The name comes from 'borosilicate', which is the type of glass used
in making [Pyrex](http://en.wikipedia.org/wiki/Pyrex) glassware. The repository
was originally called pyRex, but this conflicted with similarly named packages
already existing in PyPi.

# Installation #

pip install pyboro
easy_install pyboro

Then:
import pyboro
Or:
from pyboro import Lexer
from pyboro import Consumer

# The Lexer Module #

The Lexer module (`pyboro.Lexer`) is used to define your symbol
tables. You'll create `ParseMap` objects for each of the
regular expressions you want to be able to parse.

These are set up in the following way:

my_parser = pyboro.Lexer.ParseMap((
("token name", "regular expression", handler),
#...
))

In the above, "token name" is a brief title for the regular expression.
For those that will be ignored, the name is irrevant for functionality,
but good for people who might have to maintain your code. For tokens that will
be preserved, the token name is how you will access the matched expression.

# `let x = 17;`, where the ParseMap searches for a variable name and an assignment:

result = my_parser.parse(input_string)
print(result['variable name']) #prints 'x'
print(result['assigment']) #prints '17'


"regular expression" is the regular expression matches the title.

"handler" is either a function that you create, OR a ParseMap constant.

The ParseMap class has two constants:

pyboro.Lexer.ParseMap.IGNORE # consumes the input matching the regex, but does not store it
pyboro.Lexer.ParseMap.LITERAL # consumes and stores the input exactly as its found

If you use the name of a function for the handler, it must take a single string as an argument,
and output a single string. This allows you to transform or verify inputs further. Note that in python,
basic types are also functions. This makes it easy to convert the input strings into integers, etc

("integer assignment", regex_foo, int)


For a more in-depth look at the Lexer, read through [the tutorial](#tutorial).

# The Consumer Module #

While the Lexer module is used to set up your symbol tables, the Consumer module is used to actually
consume input and return result tables.

A Consumer object requires a single argument a list of ParseMaps:

my_consumer = Consumer.Consumer([my_parser,my_other_parser,my_third_parser])

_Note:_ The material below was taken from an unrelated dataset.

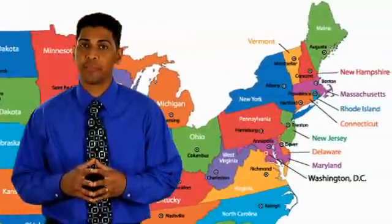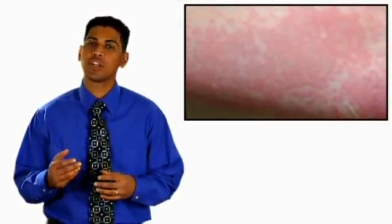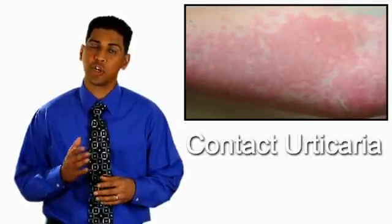Grass pollen causes most late spring and early summer allergies. Grass allergens in northern and colder climates vary, while Bermuda grass is the main cause in warmer southern climates. Contact with pollen from these grasses can also result in itching and hives, which is known as contact urticaria.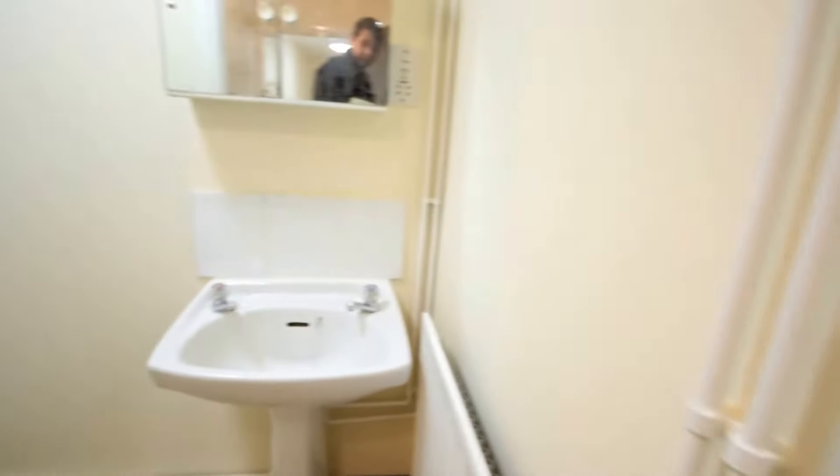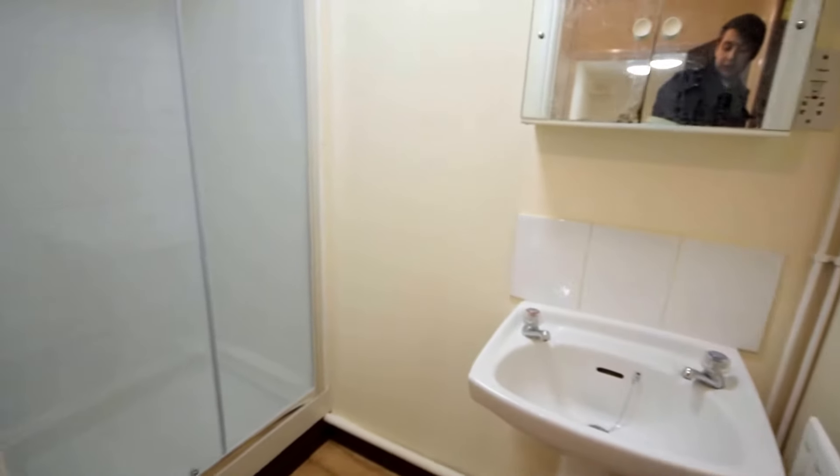Here we have a one-bedroom lower ground floor apartment situated on the outskirts of Wright Tower Centre. Coming down into the property, we have the shower room and following through to the toilet.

Whenever an input string is given to that object, it will iterate over the input, checking against
each of the ParseMaps in order. It will do this until either a) all of the input is consumed (hooray!)
or b) a syntax error is found (boo).

It will return the results from each of the ParseMaps, along with a reference to the map that found it.

my_consumer = Consumer.Consumer([EmailAddress, Name, FavoriteColor])

results = None
with open("input_file.txt") as f:
results = my_consumer.parse(f.read()) #will throw an error if the entire file cannot be parsed cleanly

for result in results:
if result is EmailAddress:
print result["address"]

Optional arguments to the conumser module:

help: A text to be displayed if an error is found
formatting_func: a function which takes input, formats it, and returns it.

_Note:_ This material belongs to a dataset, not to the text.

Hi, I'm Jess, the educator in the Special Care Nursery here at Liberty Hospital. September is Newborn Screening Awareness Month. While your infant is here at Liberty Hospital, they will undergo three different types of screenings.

This will produce helpful error messages like:

"Syntax error near 'dafsdfdfdjfkdljkj 12;', expecting valid type."

where 'dafsdfdfdjfkdljkj 12;' is the output of formatting\_func, and
"valid type" is the help message.

<a name="tutorial"></a>
# Brief Tutorial of Lexing#

Before you begin using pyboro, you should have an idea how to use
regular expressions with Python's `re` module. If you need help with
this, check out the [official documentation](http://docs.python.org/library/re.html).

Next, you'll need an idea of what you'll be parsing. For this example,
let's say that you want to parse this line:

int aNumber = 17;

We have five things here:

+ `int` : a variable declaration
+ `aNumber` : an identifier
+ `=` : an operator
+ `17` : an assignment to the variable

We also have whitespace between these things.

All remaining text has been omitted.